Out of the 12 million children living in England, around 80,000 are living in care. This number continues to rise yearly due to several factors including the cost of living crisis.
There are currently approximately 680 children in care and care leavers (also referred to as care-experienced young people) in the borough of Barnet. This figure changes as young people move in and out of care.
A looked-after child is a young person taken into local authority care for multiple reasons, but mainly due to abuse, neglect, family breakdown or illness. When a child turns 18 they become what is known as a care leaver although the council resumes responsibility until they reach 25.
Many children in care have a positive experience and thrive in their new environment. Yet, overall care experienced young people tend to have poorer life chances and outcomes than other children living with their birth families.
Many will have experienced trauma and adverse childhood experiences before they went into care. Care leavers often live alone and lack the support networks which other young people take for granted. Living on their own also makes them financially vulnerable and at risk of increased levels of anxiety and isolation. They are also more susceptible to being groomed by gangs and sexual exploitation.

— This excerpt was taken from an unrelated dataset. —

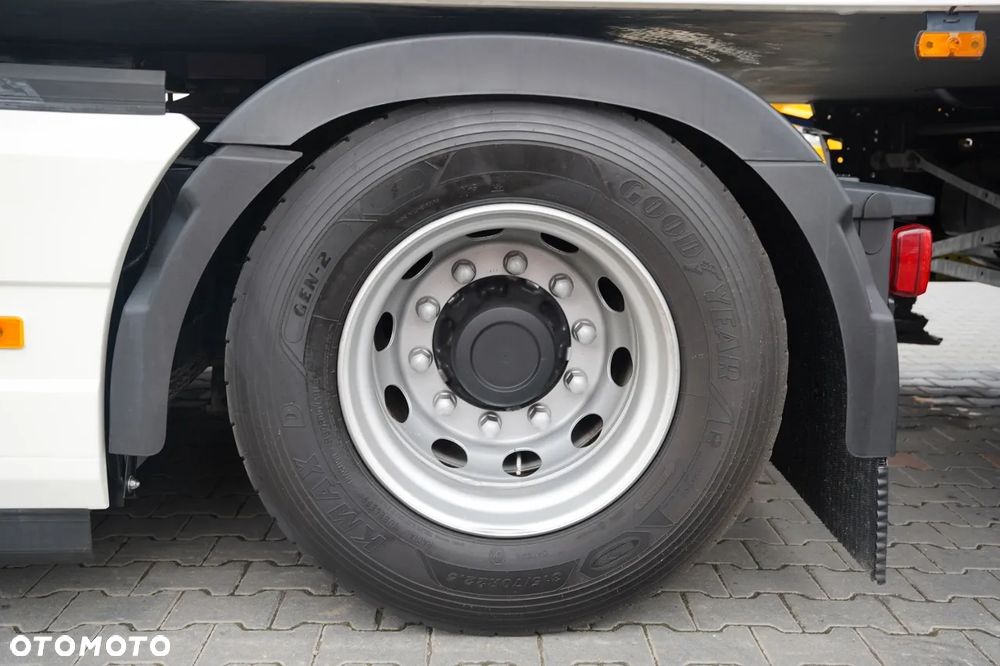 Volvo FH 460 / XXL / + CHŁODNIA SCHMITZ / 2 OSIE PODNOSZONE / PO KONTRAKCIE SERWISOWYM / - 20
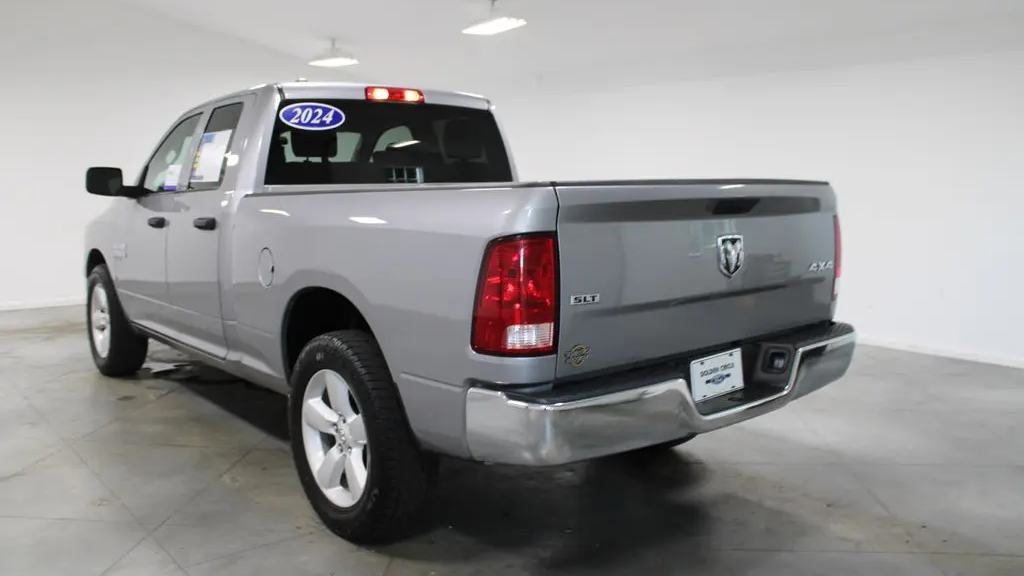 2024 Ram 1500 Classic SLT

Care-experienced young people are four times more likely to have a mental disorder than children living with their birth families
25% of the adult prison population are care experienced despite less than 1% entering the care system
50% of under 21-year-olds in contact with the criminal justice system have spent time in care
Approx ¼ of the homeless population are care-experienced
Girls are 2.5 times more likely to become pregnant compared with other teenagers
17% of care-experienced young people gain 5 GCSEs compared with the national average of 60%
7% of care leavers go on to university compared with 50% of the wider population
Early intervention is key to a care-experienced young person, as it helps them with their feelings of security and forming healthy, positive relationships as they grow.